A Geezer’s Notebook, By Jim Foster
“Before you judge someone, try walking a mile in their shoes. That way when you judge them you’re a mile away and you have their shoes.” – Billy Connolly
Have you ever noticed that famous people are quoted all the time even if no one is ever sure he or she said it in the first place? Sometimes they didn’t say it at all. As Yogi Berra was once quoted, ‘I didn’t really say everything I said’. On the other hand maybe he didn’t even say that.
Every now and then I pick up my copy of Treasury of Wit and Wisdom, a huge collection of 4,000 of the funniest, cleverest, most insightful things ever said that Reader’s Digest published way back in 2006; that’s an ancient manuscript by today’s standards. Some people are in there dozens of times and quite often we have never heard of them nor will ever hear of them again. Woody Allen is in there with 21 quotes and Dave Barry more than that, as well he should be since Dave is a newspaper humour columnist and those people are brilliant.
Stephen Leacock is in there twice but strangely the quotes aren’t the ones he is famous for. They gave his best line to some American who doesn’t even have house out on Brewery Bay named after him. What kind of justice is that? And who is this Tom Jefferson anyway?
I guess there isn’t much we can do about it, but so many political leaders and TV comedians and late night hosts are quoted all the time but their words are the words of a panel of writers. Even JFK’s famous ‘Ich Bin Ein Berliner’ might not have been his. For all we know he might have stolen it from the waiter who served him his wiener schnitzel that afternoon.
And was what was supposedly said on some auspicious occasion really what was said? At the risk of eternal damnation, was there a team of stenographers in the crowd at the Sermon on the Mount? I don’t know I’m just asking.
I didn’t intend to fill this column with humorous quotes but even a lazy person such as me gives into temptation when a deadline is looming.
One of the truly great entertainers, the late Danish humourist and classical pianist, Victor Borge, once said, ‘The difference between a violin and a viola is a viola burns longer.’ That’s funny, unless you just spent a couple of hundred grand on a Stradivarius. You must remember him and his phonetic punctuation on Ed Sullivan – unless you are but a child and don’t even remember Sullivan.
Thomas Beecham, famed conductor of the London and the Royal Philharmonic Orchestras, said ‘No operatic star has yet died soon enough for me.’ He also said, ‘There are two golden rules for an orchestra; start together and finish together. The public doesn’t give a damn what goes on in between.’

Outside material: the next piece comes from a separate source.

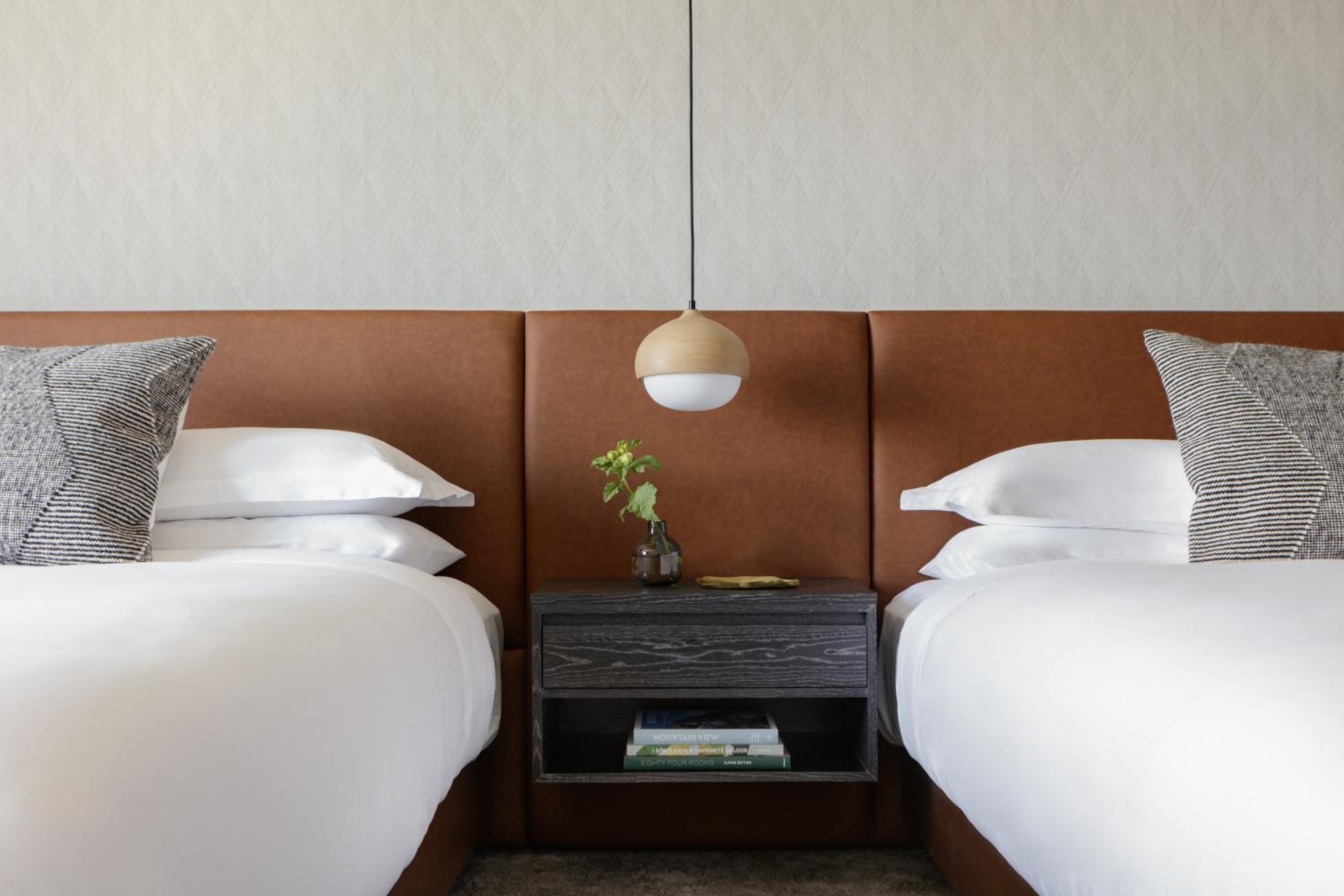 Queen Room with Two Queen Beds and Downtown View - Photo 2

Dave Barry, the award- winning humour writer, and nationally syndicated columnist for the Miami Herald, is in the Digest book no less than 23 times and I could go on for hours about him. I have three of his books and pick them up whenever I think the U.S. is going to hell and remember he is their one saving grace.

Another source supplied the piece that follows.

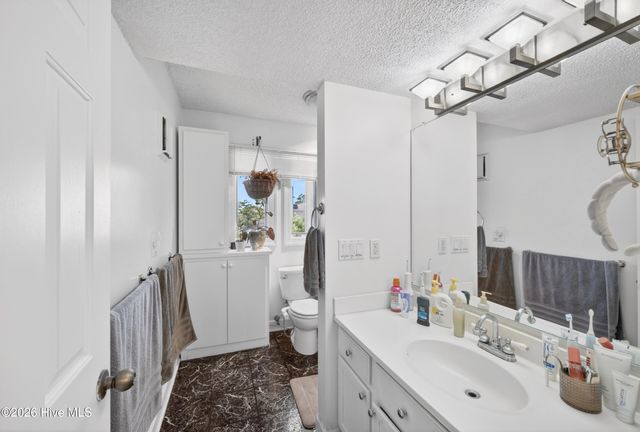12 Harbor Bay Place, Elizabeth City, NC 27909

Dave said, ‘If you surveyed a hundred typical middle-aged Americans, I bet you’d find that only two of them could tell you their blood type, but every last one of them would know the theme song from the Beverley Hillbillies.

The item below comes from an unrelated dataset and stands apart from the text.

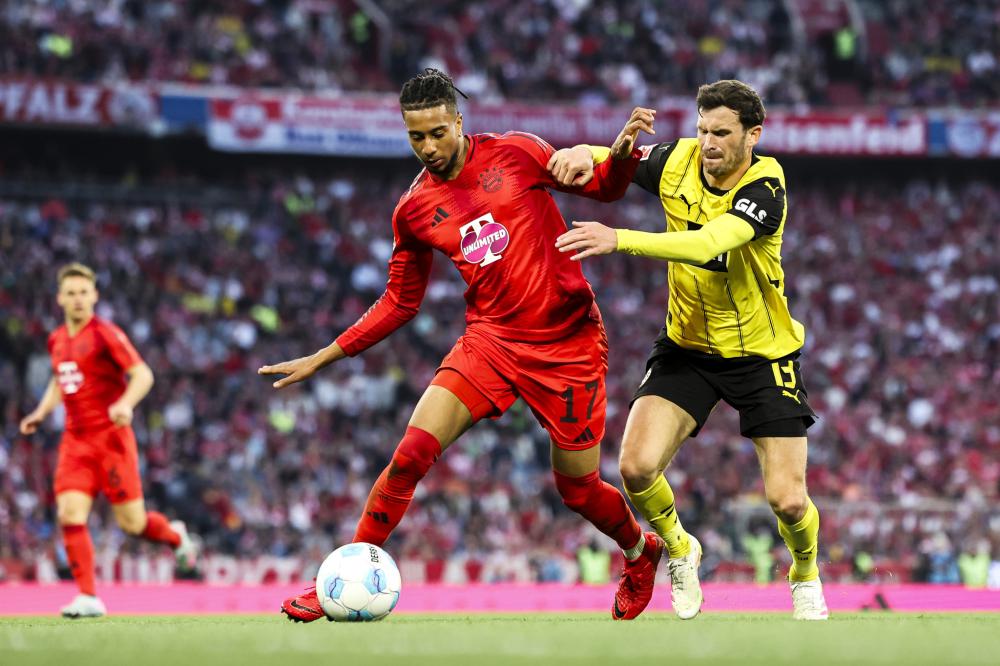 方禁区附近 方禁区附近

‘Electricity is made up of extremely tiny particles called electrons that you cannot see with the naked eye unless you have been drinking.’
‘Karate is a form of martial arts in which people who have had years and years of training can, using only their hands and feet, make some of the worst movies in the history of the world.’
‘Another source of guidance for teenagers is television, but television’s message has always been that the need for truth, wisdom and world peace pales by comparison with the need for a toothpaste that offers whiter teeth and fresher breath.’
I could not leave without a few lines from my favourite humourist, Allan Stewart Konigsberg, better known as Woody Allen. Woody is famous for his weird movies, comedy albums and also for running off with his adopted daughter.
‘If my films make one more person miserable, I feel I have done my job.’
‘The lion shall lay down with the calf, but the calf won’t get much sleep’
‘Not only is there no God, try getting a plumber on weekends.’
Woody’s one regret in life is that he is not someone else.